On October 10, 2024, a NASA spacecraft dubbed the Europa Clipper is scheduled to launch toward the large Jovian moon of Europa. It’s expected to arrive in April 2030. The Europa Clipper is just the final expression of a long procession of planned missions to Europa and the other Galilean moons of Jupiter that began in 1997 but never got off the drawing-board. And therein lies a fascinating tale. It’s the subject of David W. Brown’s extraordinary study of NASA and Big Science in action, The Mission.
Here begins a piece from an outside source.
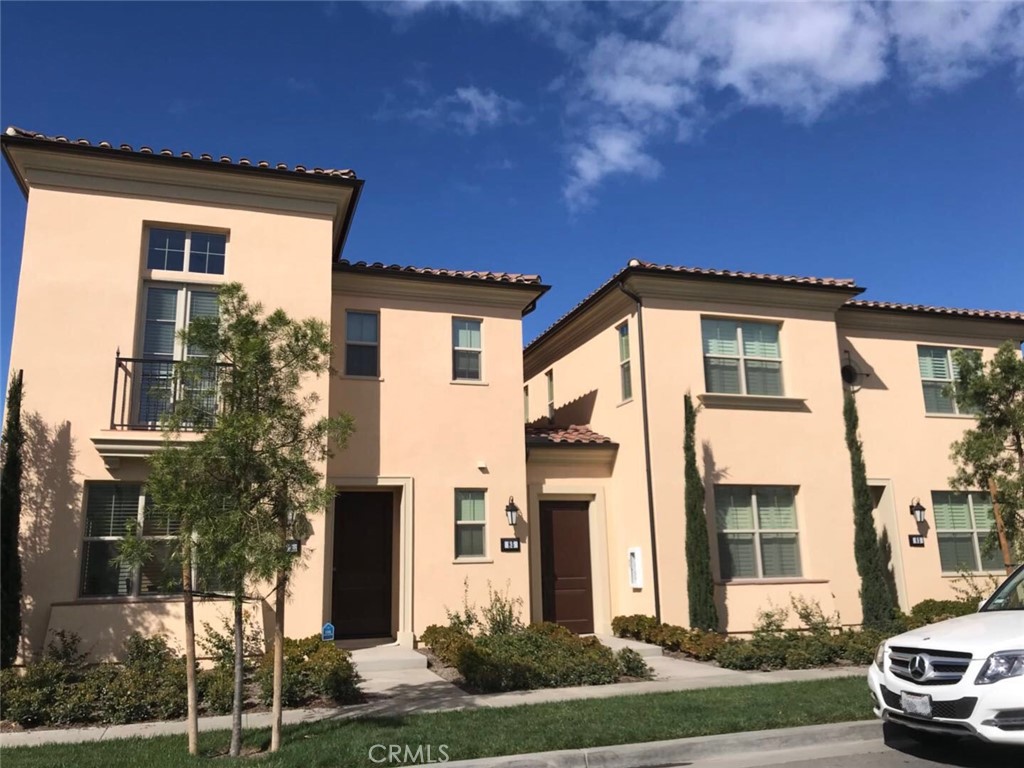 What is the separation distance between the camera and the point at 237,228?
1165cm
And unlike Mars, the focus of the agency’s almost single-minded attention, Europa’s immense ocean may actually harbor living, breathing extraterrestrial life.
In prose that at times calls to mind the stylistic pyrotechnics of Tom Wolfe in The Right Stuff, Brown follows the brilliant scientists, engineers, and managers at NASA, the Jet Propulsion Laboratory, the Applied Physics Laboratory, and other facilities that became involved over the two-decade period during which the Clipper mission to Europa came to fruition. For anyone with even a modicum of interest in space travel or the ways and means of Big Science, or simply an engrossing story about interesting people, it’s likely to be endlessly fascinating.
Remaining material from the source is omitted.